This method applies Wasserstein distance-based fairness adjustment to the test data using the precomputed ECDF (Empirical Cumulative Distribution Function), EQF (Empirical Quantile Function), and weights obtained from the calibration data. Random noise within the range of [-sigma, sigma] is added to the test data to ensure fairness.

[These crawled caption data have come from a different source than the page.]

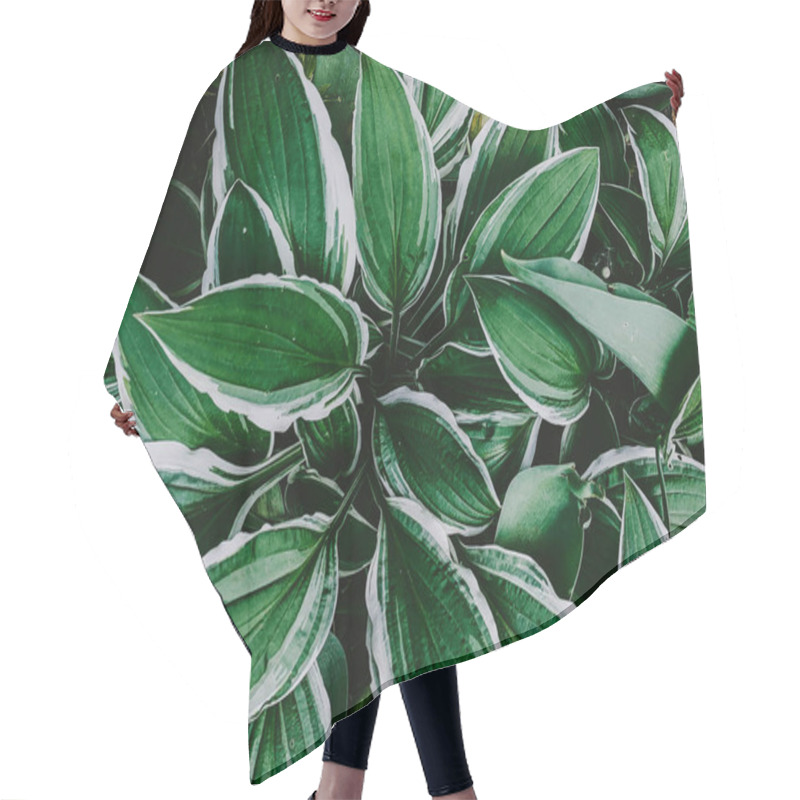 Personality  Green Leaves With White Stroke Hair Cutting Cape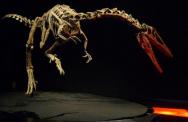 Dinosauri. Giganti dall'Argentina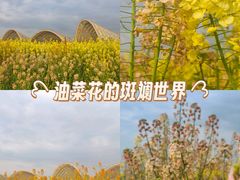 -中国天府农业博览园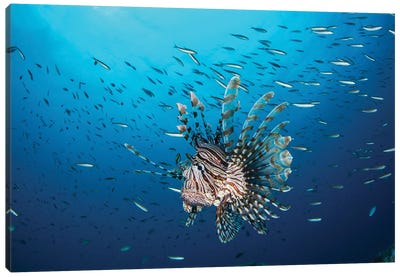 A Lion Fish In The Pacific Ocean, Micronesia Canvas Art Print - Brook Peterson
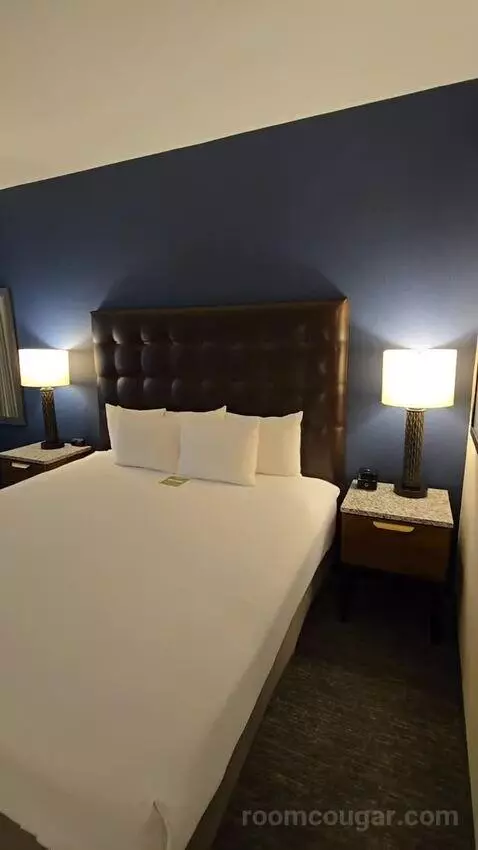 Deluxe King Room (#419) bed picture #3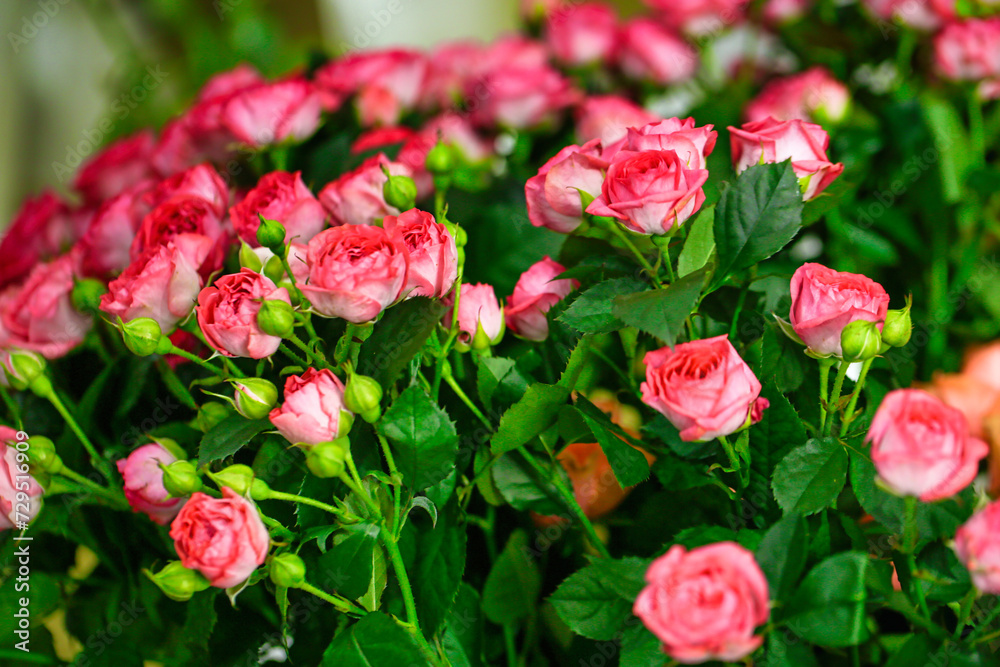 Pink Flowers With Green Leaves in Copy Space Pink Flowers With Green Leaves in Copy Space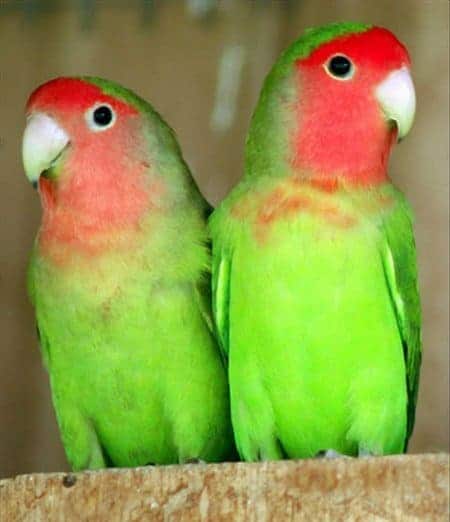 2 peach faced lovebirds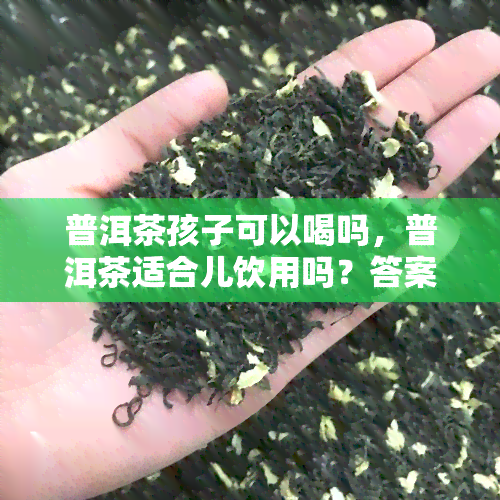 普洱茶孩子可以喝吗，普洱茶适合儿饮用吗？答案在这里！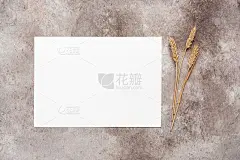 名片模型。空白卡片和成熟小麦的穗子。米色枯燥乏味的背景。极简主义的办公桌面。现代品牌模板。俯视图，平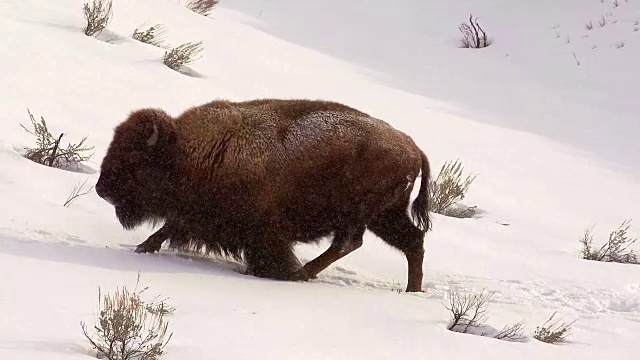 冬天，黄石国家公园里的野牛在厚厚的积雪中挣扎视频素材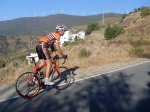 12PAJARO ENTRANDO EN LUJAR 1.jpg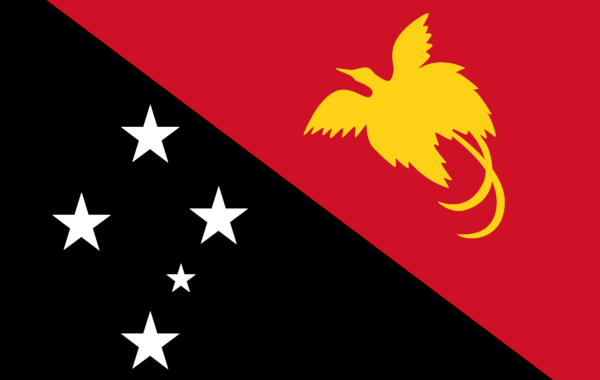 Cabinet approvesMoU between ICAI, India and CPA, Papua New Guinea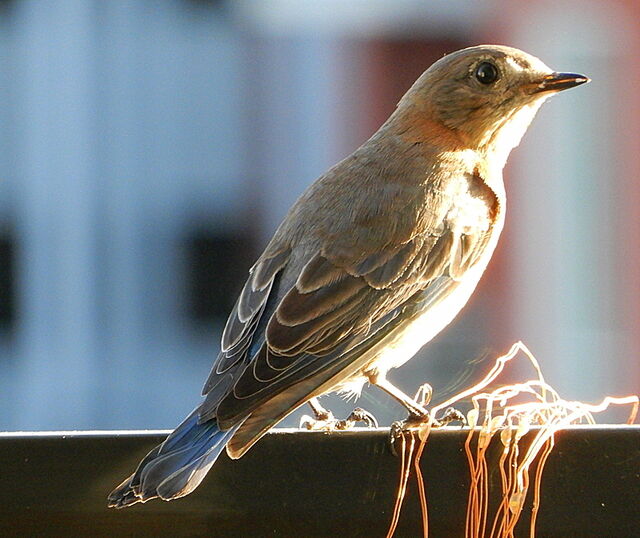 Eastern Bluebird
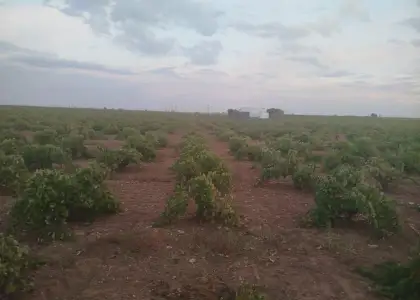 Finca rústica en venta en Manzanares en Manzanares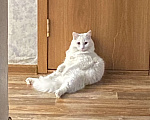Кошки в Тюмени: Белый кот (глухой) Мальчик, Бесплатно - фото 4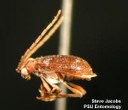 Whitemarked Spider Beetle (male)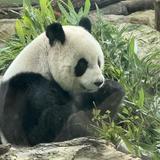 由 sujaing11111 (刊登 ID 1385456561，圖片 1) 提交，位於 的 (類別：)，說明：。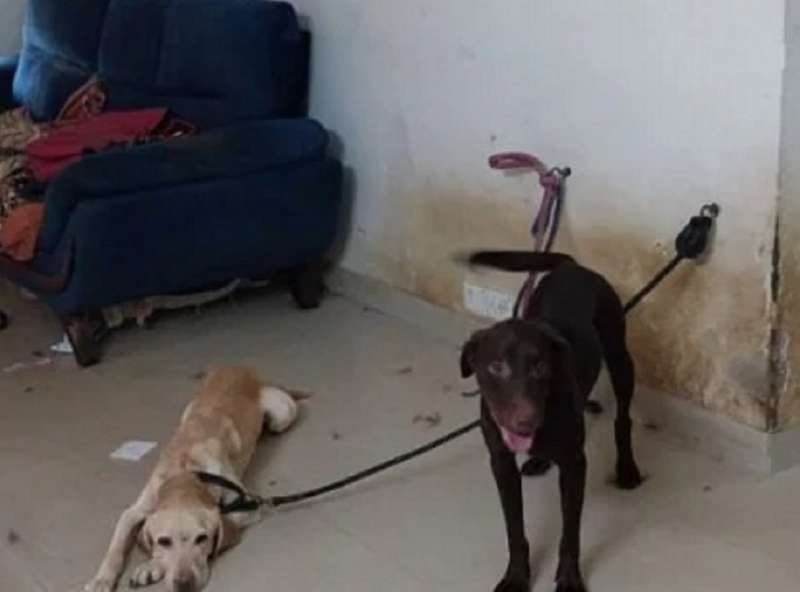 दुर्गंध येत असल्याने शेजाऱ्यांनी पोलिसांनी कळवलं, दरवाजा उघडल्यानंतर सगळेच हादरले, महिला चक्क कुत्र्यावर....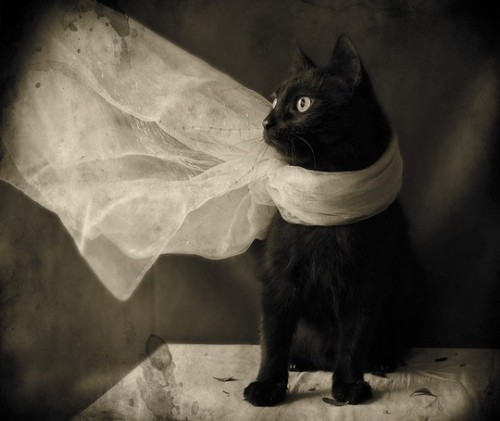 Животные модели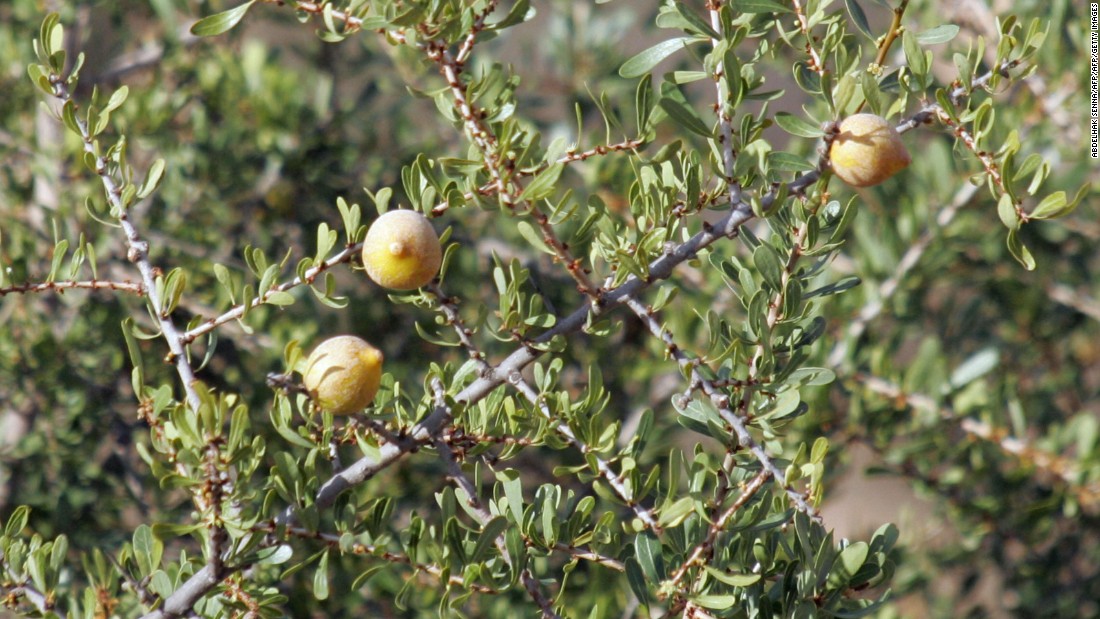 Olive-like yellow fruit grow on Argan trees in Morocco&#39;s southwest. Inside they contain the kernel that&#39;s required to make the country&#39;s rare and precious commodity: Argan oil.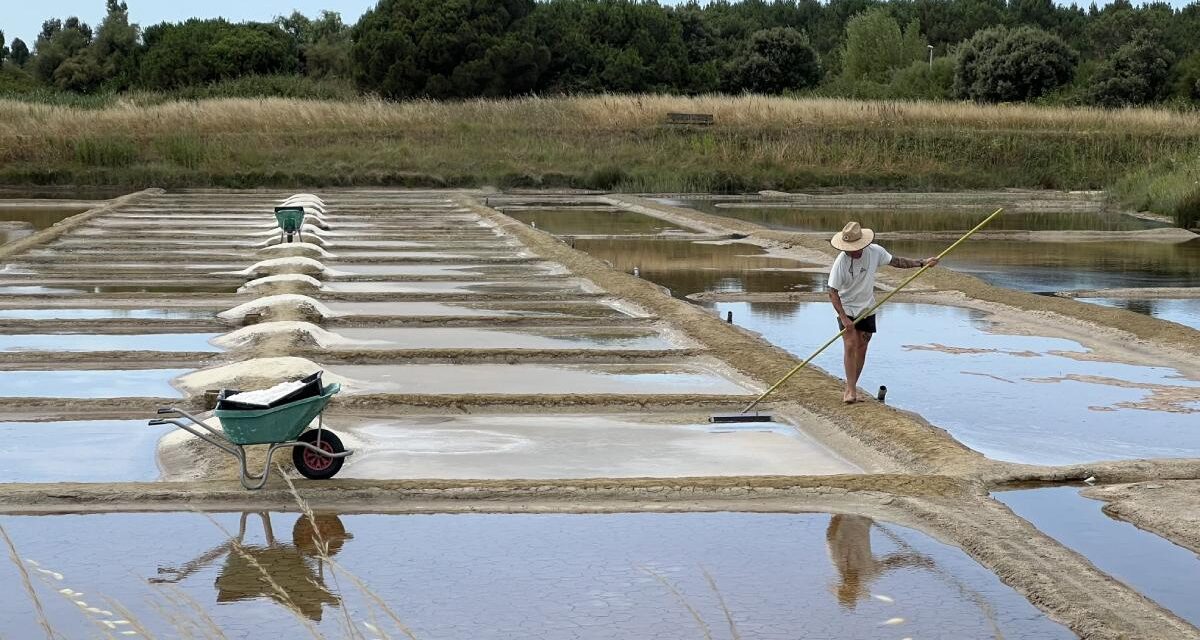 De la saunerie à l&rsquo;ostréiculture : une exposition pour comprendre cette reconversion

The parameter epsilon is a list, where each element controls the trade-off between fairness and accuracy for the corresponding sensitive feature.

References

François Hu, Philipp Ratz, Arthur Charpentier, “A Sequentially Fair Mechanism for Multiple Sensitive Attributes” (AAAI24)

Examples

>>> wasserstein = MultiWasserStein(sigma=0.001)
>>> y = np.array([0.6, 0.43, 0.32, 0.8])
>>> sensitive_features = pd.DataFrame({'color': ['red', 'blue', 'green', 'blue'], 'nb_child': [1, 2, 0, 2]})
>>> wasserstein.fit(y, sensitive_features)
>>> y = np.array([0.8, 0.35, 0.23, 0.2])
>>> sensitive_features = pd.DataFrame({'color': ['blue', 'blue', 'blue', 'green'], 'nb_child': [2, 2, 1, 2]})
>>> epsilon = [0.1, 0.2]
>>> fair_predictions = wasserstein.transform(y, sensitive_features, epsilon=epsilon)
>>> print(fair_predictions)
[0.42483123 0.36412012 0.36172012 0.36112012]